Another recommendation calls for the FCC to encourage permitting entities to streamline the process used to consider requests for additional antennas and infrastructure to be added to existing cell sites. The proposal would not impact the processes associated with deploying infrastructure at a new site.

“Hanging another antenna on that [existing] cell site should be a fast decision — not a decision that requires as long as the initial decision took,” Wheeler said. “How do we have a shorter shot clock and do it voluntarily, in the anticipation that, if the municipalities step up to that challenge, it won’t be necessary to do it mandatorily?”

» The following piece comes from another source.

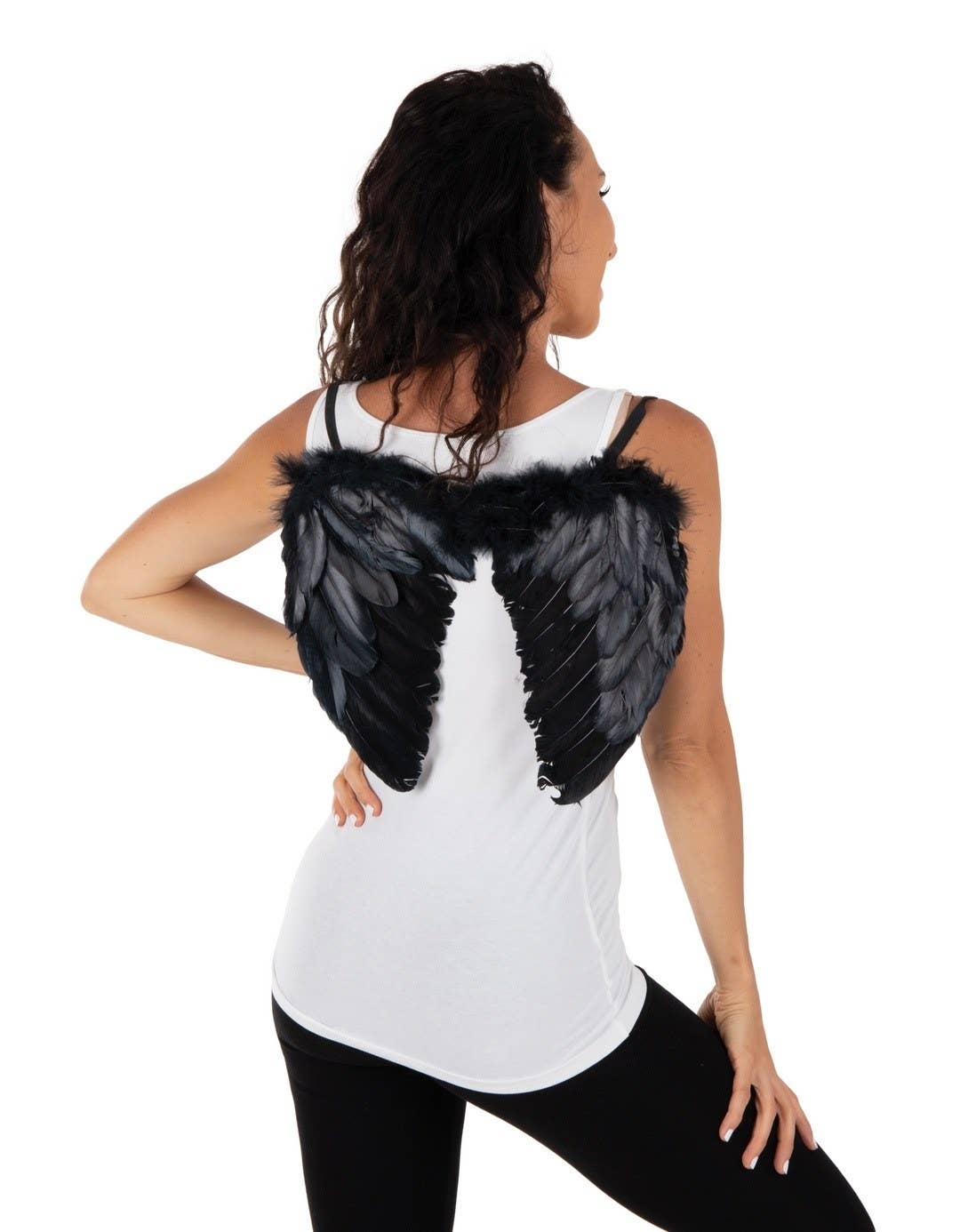 P'tit Clown - Wholesale Costume - Women's - Feather Angel Wings - 40 X 32 cm - Black2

Other TAC recommendations call for the FCC to:

Establish a program to recognize governmental entities that use best practices to encourage broadband-infrastructure deployment;
Request that President Barack Obama issue an executive order that would mandate a streamlined approval process for antennas to be located on federal buildings and rights of way;
Create new metrics to measure broadband network quality beyond cumulative data throughput speeds;
Promote the deployment of small-cell technologies, such as femtocells and picocells, to improve spectrum utilization; and
Initiate dialog about the transition from legacy telephony services to IP-based technologies, including the associated policies and codes that need to be established for the deployment of the new technologies.
Wheeler said the TAC has not established any of the recommendations as having priority over others.

“I think you start with all of them. Our recommendation to the commission is that all of these recommendations are worthy of pursuit and that we hope the commission will pursue them,” he said.